En avril 2021, un article très attendu dans le domaine des psychédéliques est tombé. L’étude, un petit essai mené à l’Imperial College de Londres et publiée dans le New England Journal of Medicine, a enquêté sur l’utilisation de la psilocybine, l’ingrédient actif des champignons magiques, pour traiter la dépression. Dirigée par Robin Carhart-Harris, qui dirige maintenant la division Neuroscape Psychedelics à l’Université de Californie à San Francisco, la recherche a comparé la psilocybine à un antidépresseur standard. Les résultats étaient quelque peu ternes : il a été constaté que le psychédélique n’était que légèrement meilleur que les traitements traditionnels pour soulager la dépression.
En 2017, Rosalind Watts, auteur de cet article et ancienne responsable clinique de l’essai à l’Impériale, avait donné une conférence TEDx sur le pouvoir de la psilocybine pour traiter la dépression, motivée par le temps qu’elle avait passé à travailler sur l’étude.
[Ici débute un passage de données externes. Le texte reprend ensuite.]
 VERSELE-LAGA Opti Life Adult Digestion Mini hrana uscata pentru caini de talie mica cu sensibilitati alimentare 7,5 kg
Au cours de la conférence, elle a partagé sa conviction que la psilocybine pourrait « révolutionner les soins de santé mentale ». Mais en février de cette année, Watts a publié un article de Medium dans lequel elle a exprimé ses regrets face à son enthousiasme initial débridé. « Je ne peux pas m’empêcher d’avoir l’impression d’avoir contribué sans le savoir à un récit simpliste et potentiellement dangereux autour des psychédéliques ; un récit que j’essaie de corriger », a-t-elle écrit.
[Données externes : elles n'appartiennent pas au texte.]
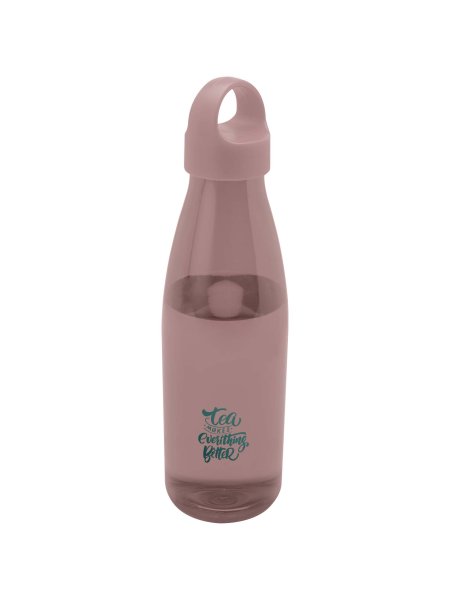 bergen-nachhaltige-trinkflasche-aus-recyceltem-kunststoff-800-ml-dusty-pink-20.jpg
“J’ai juste réfléchi à la façon dont j’avais moi-même été prise dans le noir et blanc du genre” C’est merveilleux “”, dit-elle aujourd’hui. “Maintenant, après avoir traversé cette épreuve… je suis beaucoup plus neutre et agnostique.”
Nous sommes fermement au milieu d’une renaissance psychédélique, avec des substances longtemps considérées simplement comme des drogues récréatives – telles que la psilocybine, le LSD et la MDMA – étant réévaluées en tant que traitements potentiels pour un certain nombre de problèmes de santé mentale. Dans le même temps, la législation et la stigmatisation entourant les psychédéliques ont lentement commencé à se relâcher ces dernières années, et il semble de plus en plus qu’elles pourraient se détacher complètement. “Maintenant, tout à coup, au cours de la dernière année environ, le pendule a basculé dans l’autre sens”, déclare David Yaden, professeur adjoint à la Johns Hopkins University School of Medicine qui étudie les effets subjectifs des psychédéliques.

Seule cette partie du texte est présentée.